In these cases, attempting to process everything synchronously is a mistake. The robust solution is decoupling via message queues (like Kafka or RabbitMQ). We change the promise to the user: we don’t say “done,” we say “received, I’ll do it soon.” This flattens the load curve and protects the database.

However, queues bring their own poison if not handled with care. A critical concept that is often ignored is Idempotency. Networks fail and sometimes a queue delivers the same message twice. If that message is “charge €50,” you have a serious problem. Designing “idempotent” systems means your system must be capable of processing the same message ten times and only executing the action once. The robustness of a write system lies more in its ability to handle duplicates than in its raw speed.

And when even queues are not enough, we reach the final frontier: Sharding or fragmentation. This implies breaking the database into pieces (users A-M on one server, N-Z on another). It sounds great for scaling, but the operational complexity it adds is brutal. Suddenly, making a query that crosses data from both servers becomes a logistical nightmare. That is why the recurring advice from experts is to postpone sharding until it is absolutely inevitable.

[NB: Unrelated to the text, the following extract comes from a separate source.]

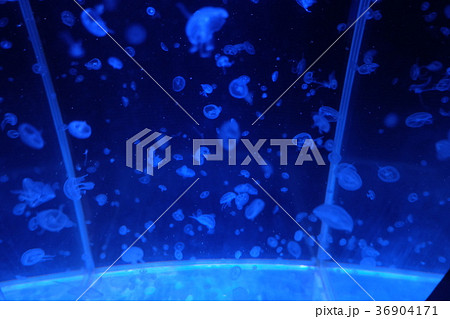 なぎさ水族館 36904171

Resilience and Observability: Operating in chaos

Finally, there is an aspect that separates academic design from the real world: the assumption of failure. A junior engineer designs for the “happy path”; a senior designs for catastrophe.

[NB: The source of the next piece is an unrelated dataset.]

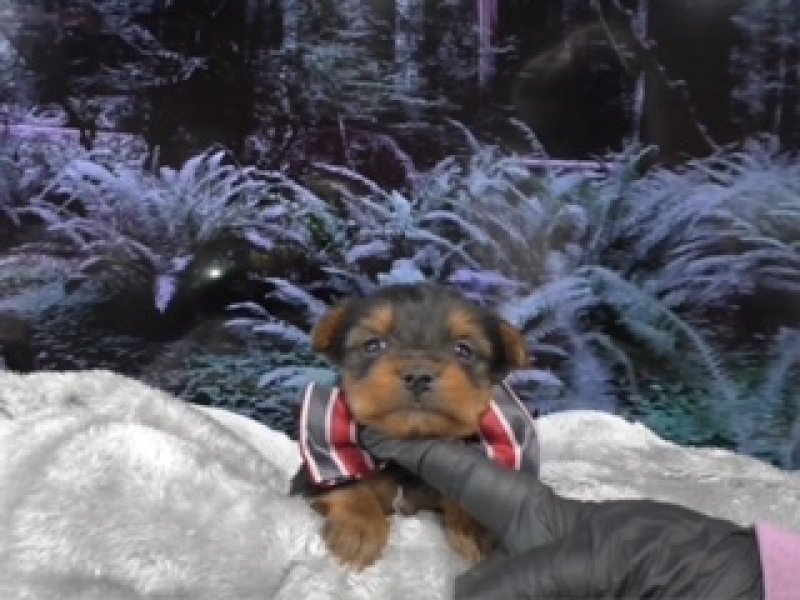 Yorkshire Terrier Male 9549, Available 3-31-24. Deposit now!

Here enter patterns like the Circuit Breaker. If a microservice starts failing or runs very slow, continuing to send it requests is counterproductive. The Circuit Breaker detects the failure and “cuts the power,” returning immediate errors without attempting to connect. It is a technique of systemic empathy: letting the fallen component breathe so it has a chance to recover, instead of drowning it with retries.

But to apply all this, you need eyes. Error logs are not enough. Modern systems depend on Observability and “Distributed Tracing.” You need to be able to see the X-ray of a request as it travels through the load balancer, crosses three microservices, writes to Kafka, and ends in the database. Without that visibility, optimizing or fixing a distributed system is like operating blindly.

Conclusion

Designing systems and defining an architecture is not about memorizing names of trendy technologies. It is about managing trade-offs. It is understanding that if you optimize for reading, you might complicate writing. It is accepting that total consistency is sometimes the enemy of user experience. The next time you face a design, do not start by installing libraries. Start by drawing the data flow and asking yourself: “Who reads, who writes, and what happens when all this fails?” That is the true essence of software engineering.

References and Recommended Reading for further depth:

  1. Kleppmann, M. (2017). Designing Data-Intensive Applications. O’Reilly Media.
  2. Nygard, M. (2018). Release It!: Design and Deploy Production-Ready Software. Pragmatic Bookshelf.
  3. BettaTech (2025)
  4. Nishtala, R., et al. (2013). “Scaling Memcache at Facebook”. USENIX NSDI.
  5. Brewer, E. (2000). “Towards Robust Distributed Systems”
  6. Hohpe, G., & Woolf, B. (2003). Enterprise Integration Patterns.
  7. Amazon Builders’ Library. “Making retries safe with idempotent APIs”.